There are two areas in which any writer can take risks. He can take risks with story. And he can take risks with how he tells that story.

It’s very easy indeed to fall into patterns that we’ve already traced. We are, after all, most at ease in our comfort zone. But it’s also worth reminding ourselves that it’s only by exploring new territories beyond our borders that we extend ourselves.

How might I challenge myself? I could take a lesson from Stephen King who continually shocks us by the sheer outrageousness of his plot points. How does a demented fan prevent the author she’s taken captive from escaping? Does she lock him in a room? Bind him to a bed? Use drugs to incapacitate, or threats to intimidate him? No. She hacks off his right foot!

So I could constantly challenge myself to explore a wider range of plot options than I have in the past.

Or I could, alternatively, dig deeper in my writing. I could plumb the psychology of a character more intensively, diving deeper into his motivations, examining not just the obvious reasons for a decision he makes, but for the less obvious, more hidden triggers. I could look for more ambiguities.
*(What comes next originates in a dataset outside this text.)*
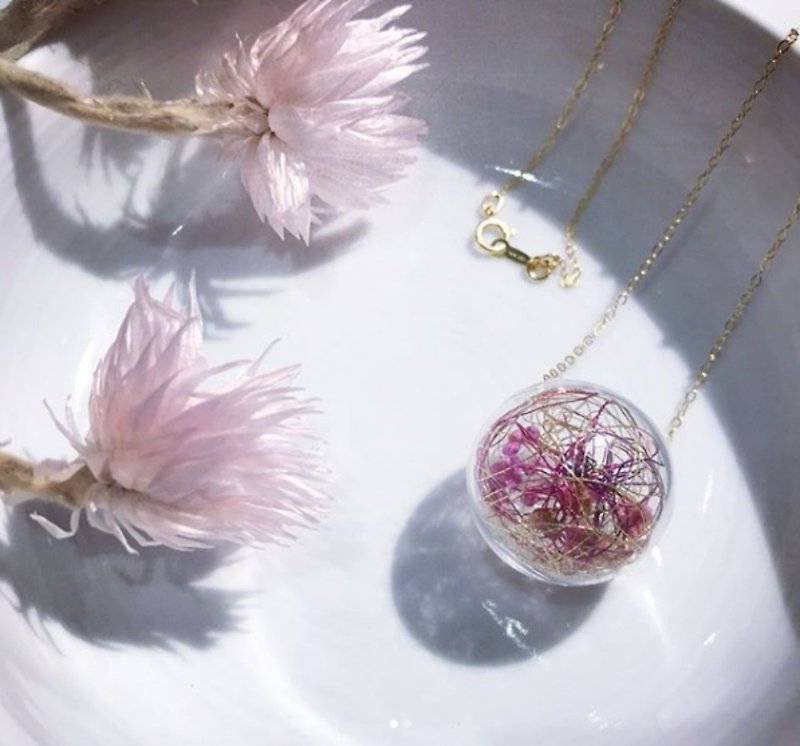 Glass Fantasy Planet Necklace - Single Transparent Powder [14K Note] - Collar Necklaces - Glass Purple
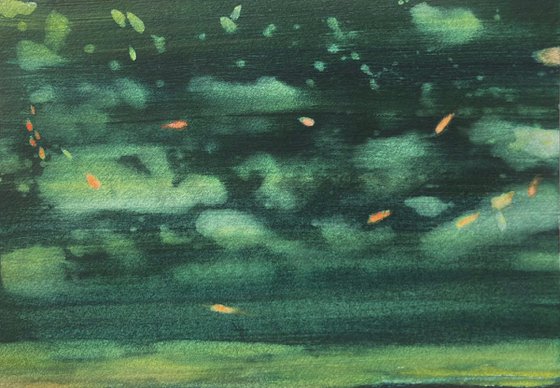 Oltremare - Abstract green watercolor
I could seek out more of those subtle intersections of desire and denial.

I could, like the writers of Homeland and The Americans, seek to maintain the tension between the mask and the reality, between the lie and the truth, for longer than I’d ever thought possible.

I’d seek difficult solutions, rather than simple solutions.

I’d look for complexity rather than easy resolution.

In every scene. In my story as a whole.

And of course I’d fail – frequently. I’d make mistakes.  I’d take wrong turnings. I’d find myself facing a blank wall at the end of an exceedingly dark cul de sac.

You fall down. You get up. You struggle on.

Van Gogh’s experience was a constant struggle to portray the world freshly. He never was satisfied with doing again what he’d already got right. He always challenged himself to do fresh things in a fresh way.

Whether it’s a blank canvas, or a blank screen, regard it as a challenge to extend what you already do well just a little further than is comfortable. After all, the alternatives are stark: innovate – or stagnate.